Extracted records
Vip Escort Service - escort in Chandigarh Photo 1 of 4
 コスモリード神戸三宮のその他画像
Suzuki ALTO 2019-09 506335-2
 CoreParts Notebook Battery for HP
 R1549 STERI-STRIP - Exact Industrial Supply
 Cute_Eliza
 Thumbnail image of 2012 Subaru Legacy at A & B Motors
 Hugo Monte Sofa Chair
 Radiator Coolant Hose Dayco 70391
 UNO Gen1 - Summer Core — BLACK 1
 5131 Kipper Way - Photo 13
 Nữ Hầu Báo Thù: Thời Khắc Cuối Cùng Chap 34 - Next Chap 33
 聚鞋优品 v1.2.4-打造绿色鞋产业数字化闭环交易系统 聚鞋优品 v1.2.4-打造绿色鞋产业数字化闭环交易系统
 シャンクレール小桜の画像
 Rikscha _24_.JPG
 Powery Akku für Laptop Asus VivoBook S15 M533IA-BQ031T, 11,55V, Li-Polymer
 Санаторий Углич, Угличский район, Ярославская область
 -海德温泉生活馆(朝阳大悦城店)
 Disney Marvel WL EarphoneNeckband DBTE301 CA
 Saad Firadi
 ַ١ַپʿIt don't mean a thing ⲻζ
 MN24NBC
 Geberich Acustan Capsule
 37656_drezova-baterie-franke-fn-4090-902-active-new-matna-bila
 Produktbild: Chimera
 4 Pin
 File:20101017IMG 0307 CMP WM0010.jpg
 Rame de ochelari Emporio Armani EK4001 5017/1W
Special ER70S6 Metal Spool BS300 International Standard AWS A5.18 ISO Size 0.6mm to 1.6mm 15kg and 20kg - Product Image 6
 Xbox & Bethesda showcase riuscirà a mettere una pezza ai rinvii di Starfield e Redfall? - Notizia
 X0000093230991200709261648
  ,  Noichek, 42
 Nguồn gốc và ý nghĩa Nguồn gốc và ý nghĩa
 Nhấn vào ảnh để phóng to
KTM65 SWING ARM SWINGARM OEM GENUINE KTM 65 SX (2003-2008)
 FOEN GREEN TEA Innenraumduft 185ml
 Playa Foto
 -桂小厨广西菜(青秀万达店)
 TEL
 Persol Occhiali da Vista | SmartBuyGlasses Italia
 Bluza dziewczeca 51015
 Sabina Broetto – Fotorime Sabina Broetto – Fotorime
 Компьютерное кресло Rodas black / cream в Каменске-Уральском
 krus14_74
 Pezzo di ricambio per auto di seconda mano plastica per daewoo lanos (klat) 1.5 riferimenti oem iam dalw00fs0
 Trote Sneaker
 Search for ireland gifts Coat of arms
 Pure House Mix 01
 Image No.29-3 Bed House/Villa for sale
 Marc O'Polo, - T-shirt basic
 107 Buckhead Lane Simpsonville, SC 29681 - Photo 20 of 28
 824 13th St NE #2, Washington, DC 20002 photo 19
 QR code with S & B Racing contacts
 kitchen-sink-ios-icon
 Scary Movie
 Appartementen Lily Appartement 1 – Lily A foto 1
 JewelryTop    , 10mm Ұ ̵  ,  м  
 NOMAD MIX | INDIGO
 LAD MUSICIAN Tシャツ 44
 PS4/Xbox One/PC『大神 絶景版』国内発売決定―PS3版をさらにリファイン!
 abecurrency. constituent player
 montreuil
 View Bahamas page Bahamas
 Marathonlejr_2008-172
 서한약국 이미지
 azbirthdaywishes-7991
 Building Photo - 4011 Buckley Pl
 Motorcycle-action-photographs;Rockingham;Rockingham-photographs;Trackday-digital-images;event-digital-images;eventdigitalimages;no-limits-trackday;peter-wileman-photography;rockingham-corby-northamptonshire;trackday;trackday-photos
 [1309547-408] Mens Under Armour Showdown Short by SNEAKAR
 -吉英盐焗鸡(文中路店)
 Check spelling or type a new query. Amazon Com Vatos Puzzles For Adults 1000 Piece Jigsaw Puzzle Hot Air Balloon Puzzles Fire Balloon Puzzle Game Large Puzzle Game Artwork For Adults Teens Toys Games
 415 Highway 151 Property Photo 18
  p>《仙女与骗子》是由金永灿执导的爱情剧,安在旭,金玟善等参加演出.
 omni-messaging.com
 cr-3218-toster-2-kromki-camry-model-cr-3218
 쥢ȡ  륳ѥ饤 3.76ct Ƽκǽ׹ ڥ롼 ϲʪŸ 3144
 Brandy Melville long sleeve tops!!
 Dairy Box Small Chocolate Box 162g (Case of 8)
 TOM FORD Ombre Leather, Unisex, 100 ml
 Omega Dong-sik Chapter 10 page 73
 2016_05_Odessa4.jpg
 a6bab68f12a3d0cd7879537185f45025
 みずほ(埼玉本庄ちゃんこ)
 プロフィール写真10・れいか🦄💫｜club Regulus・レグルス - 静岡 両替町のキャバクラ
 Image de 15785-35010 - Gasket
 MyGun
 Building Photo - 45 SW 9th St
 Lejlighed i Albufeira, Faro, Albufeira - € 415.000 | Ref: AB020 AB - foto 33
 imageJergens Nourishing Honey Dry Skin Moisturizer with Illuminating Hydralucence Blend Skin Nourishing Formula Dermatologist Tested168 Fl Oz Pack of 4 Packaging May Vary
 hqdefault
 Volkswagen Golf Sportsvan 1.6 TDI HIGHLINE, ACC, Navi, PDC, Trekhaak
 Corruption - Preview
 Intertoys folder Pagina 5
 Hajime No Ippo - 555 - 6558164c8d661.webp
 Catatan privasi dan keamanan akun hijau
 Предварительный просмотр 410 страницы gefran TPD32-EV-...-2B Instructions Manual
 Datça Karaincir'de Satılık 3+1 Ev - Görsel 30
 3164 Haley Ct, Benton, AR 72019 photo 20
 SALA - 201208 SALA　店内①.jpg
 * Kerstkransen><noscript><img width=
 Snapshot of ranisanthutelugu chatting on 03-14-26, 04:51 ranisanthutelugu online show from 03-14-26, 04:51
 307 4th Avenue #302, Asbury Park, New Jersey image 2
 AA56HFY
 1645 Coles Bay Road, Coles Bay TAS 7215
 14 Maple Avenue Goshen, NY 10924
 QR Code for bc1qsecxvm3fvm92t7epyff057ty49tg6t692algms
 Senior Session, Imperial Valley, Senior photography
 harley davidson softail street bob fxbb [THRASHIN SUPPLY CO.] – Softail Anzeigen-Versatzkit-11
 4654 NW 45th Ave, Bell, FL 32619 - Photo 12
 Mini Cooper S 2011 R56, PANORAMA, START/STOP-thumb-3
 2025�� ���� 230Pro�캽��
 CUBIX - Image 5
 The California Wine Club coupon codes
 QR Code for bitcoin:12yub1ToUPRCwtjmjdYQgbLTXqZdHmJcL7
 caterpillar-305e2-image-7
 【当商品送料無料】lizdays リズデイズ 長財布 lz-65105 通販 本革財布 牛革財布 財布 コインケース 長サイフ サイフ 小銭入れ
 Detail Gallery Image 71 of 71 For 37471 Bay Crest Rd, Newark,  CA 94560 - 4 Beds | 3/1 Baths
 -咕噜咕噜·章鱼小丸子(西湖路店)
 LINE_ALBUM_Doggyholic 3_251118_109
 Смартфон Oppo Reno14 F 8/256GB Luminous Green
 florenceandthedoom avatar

## REQUIRED ACTION
Every line of the records containing the word "House" must appear in the answer.

## RESULT OF THIS TASK
 Pure House Mix 01
 Image No.29-3 Bed House/Villa for sale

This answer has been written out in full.